The Yellow Birds by Kevin Powers (Sceptre: 2012). A novel centred on Private Bartle as he trains for, fights in, and returns from Iraq.
You all know how I feel about war novels. I’ve spoken about it before. Conflicted is probably the best word. Stuck between their importance in a “lest we forget” way, and their frequent straying into war voyeurism.
This (let’s be straight right from the very beginning) fits into neither camp. It neither makes all American heroes of those at war, nor does it distil war into a game. It does what few books about war can - it gives a new perspective.
OK, maybe not entirely 100% new (what is?). But new in the context of 21st century wars. It’s intensely focussed on the turmoil of the central protagonist, and it explores that through his pre-war, war, and post-war experience. It’s not full of “Scotty took point whilst I scanned our right flank for enemy snipers.” Nor is it full of “Jonny put his body on the line for us; for freedom.” And it leaves much of the political rhetoric that dominates most writing about 21st Century wars behind. Instead, it paints small, personal pictures of genuine, honest too goodness experience.

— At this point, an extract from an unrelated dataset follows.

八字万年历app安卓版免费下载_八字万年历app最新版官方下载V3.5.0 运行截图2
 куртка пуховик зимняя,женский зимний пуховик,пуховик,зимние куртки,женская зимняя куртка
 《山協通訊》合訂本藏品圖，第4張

Sentiment. That’s what I’m getting at here. There’s absolutely no faux sentimentality in this. It’s entirely raw, Private Bartle opened up on every page recounting his candid reactions to the situations he’s in. Powers does a fantastic job of conveying confusion and loss and emotional disorientation, but conveying it sharply and showing (usually between the lines) what impact all of this has on Private Bartle.
The result is a beautiful little book. Read a few reviews of this, and that’s the word you’ll start to get sick of. Beautiful. But it is. There’s no getting around it. The stages, the relationships, the emotional breakdowns, the flashes of tenderness - it all adds up to beautiful.
Some of the other reviews will also tell you this is an “important” book (another phrase I hate - aren’t they all?) That lessons can be extrapolated from the story of Private Bartle. That wider political and societal lessons could be learned.
But that’s missing the point if you ask me. That sort of debate can easily obscure the book itself. Turn it from a gem into the tool of an agenda. I’m not saying those points and those lessons shouldn’t be debated and disseminated. I’m just saying don’t let them make you forget just how stunning this book is.
I don’t want to go overboard. I don’t think you’ll read this and reach some sort of epiphany, about war or anything else. The chances are you have heard much of this before. There are some recognisable footsteps being walked in here. Young men being emotionally destroyed. Survivor’s guilt. The shock of returning to normal life. Discomfort with hero worship. We’ve been to these places before, but not often, and rarely as poetically as in Yellow Birds.
Does it help that Kevin Powers is a former soldier? That he served in Iraq for two years? It probably does. It probably gives this book credibility. But it’s a piece of information worth forgetting when you’re reading this. You’ll tie yourself up in knots thinking of which are the snippets from his own war, and which are the bits he’s made up. Instead, focus on the writing. On his talent. On the fact that he shapes his language around emotions better than most other people out there.
Shake that one off. A return to form after last week’s debacle. And (fingers crossed) an interview with Kevin Powers could be coming to
GBR soon (if the questions I’ve posed via his agent make their way through the Hotmail highway loudly enough).